* ASSIGNMENT
Only the lines from the one that contains "this 862×647 image." through the last line of the data below should be duplicated, exactly and without pictures.
***
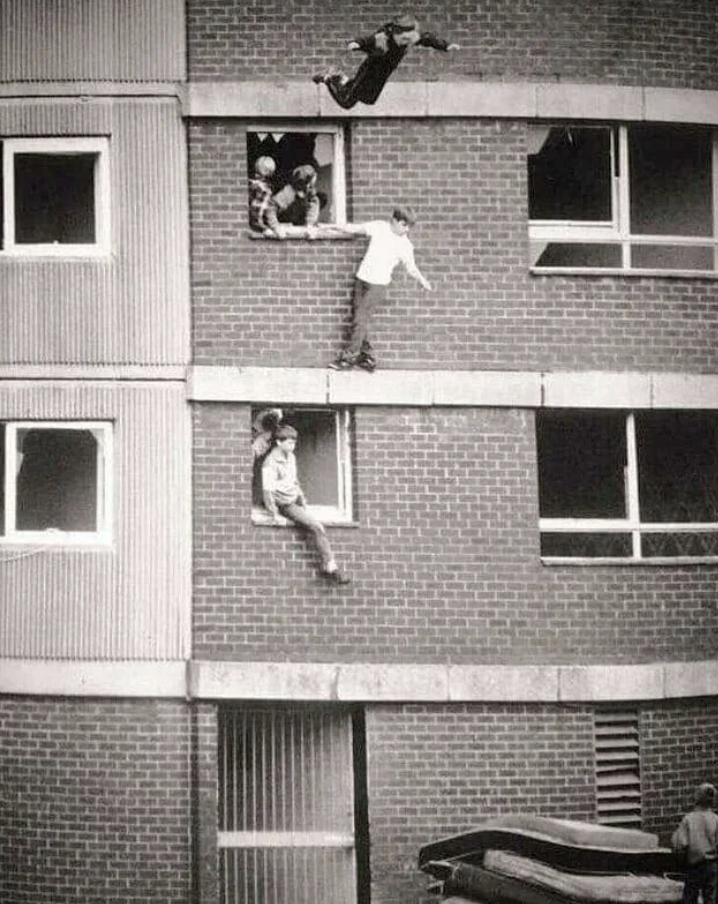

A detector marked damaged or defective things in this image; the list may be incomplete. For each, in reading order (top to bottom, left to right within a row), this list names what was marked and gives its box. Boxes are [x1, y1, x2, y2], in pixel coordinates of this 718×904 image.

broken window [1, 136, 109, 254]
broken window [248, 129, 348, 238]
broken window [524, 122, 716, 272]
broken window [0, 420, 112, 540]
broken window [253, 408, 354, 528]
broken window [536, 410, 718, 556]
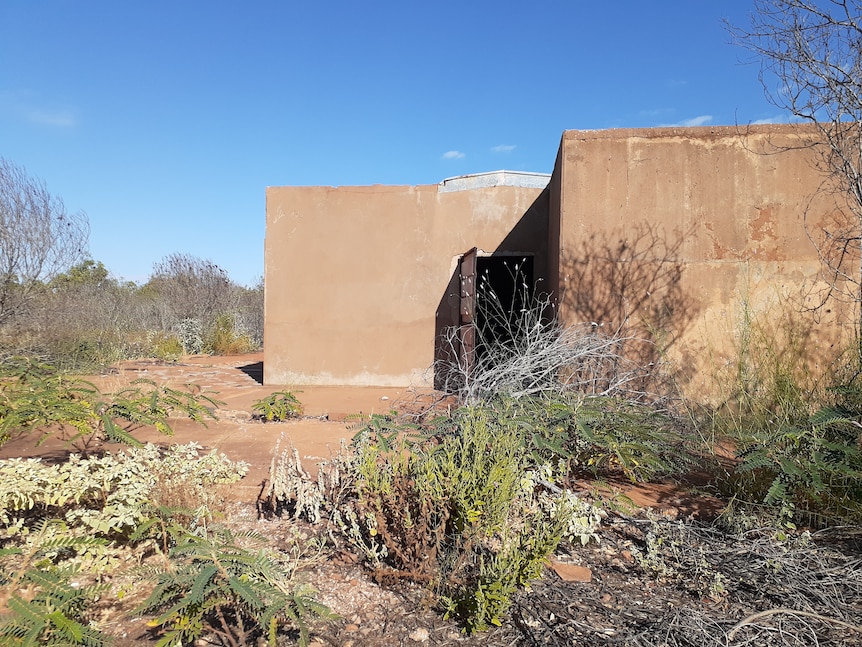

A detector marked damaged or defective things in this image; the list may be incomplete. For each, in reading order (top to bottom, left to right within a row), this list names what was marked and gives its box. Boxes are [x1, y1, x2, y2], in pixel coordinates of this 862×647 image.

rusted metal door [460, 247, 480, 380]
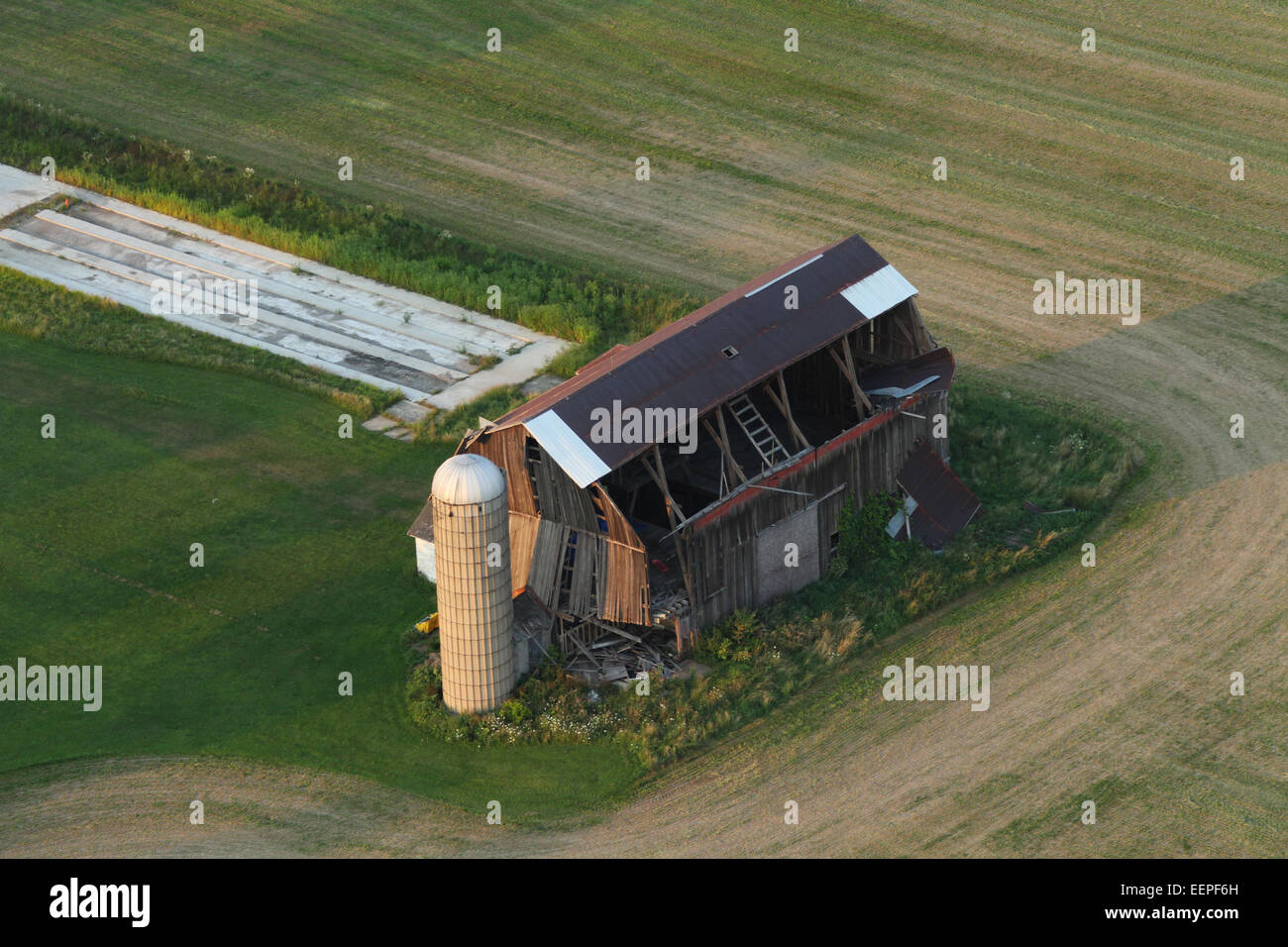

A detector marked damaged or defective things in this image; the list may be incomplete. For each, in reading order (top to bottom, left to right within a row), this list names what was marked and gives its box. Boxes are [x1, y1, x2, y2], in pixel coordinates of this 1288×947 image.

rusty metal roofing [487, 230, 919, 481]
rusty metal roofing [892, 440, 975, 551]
***
* RESPONSE AREA
A detector marked damaged or defective things in this image; the list may be incomplete. For each, in reading order (top to bottom, left to right within a row), this list names what was marked and gives its box. Boxes are [x1, y1, x2, y2], in pixel coordinates of this 862×647 image.

rusted metal door [460, 247, 480, 380]

A detector marked damaged or defective things in this image; the list may be incomplete. For each, in reading order (top to bottom, left to right within a row), this list names what was marked and gives its box. Boxes are [x1, y1, x2, y2], in pixel coordinates of this 1288×947 image.

rusty metal roofing [487, 230, 919, 481]
rusty metal roofing [892, 440, 975, 551]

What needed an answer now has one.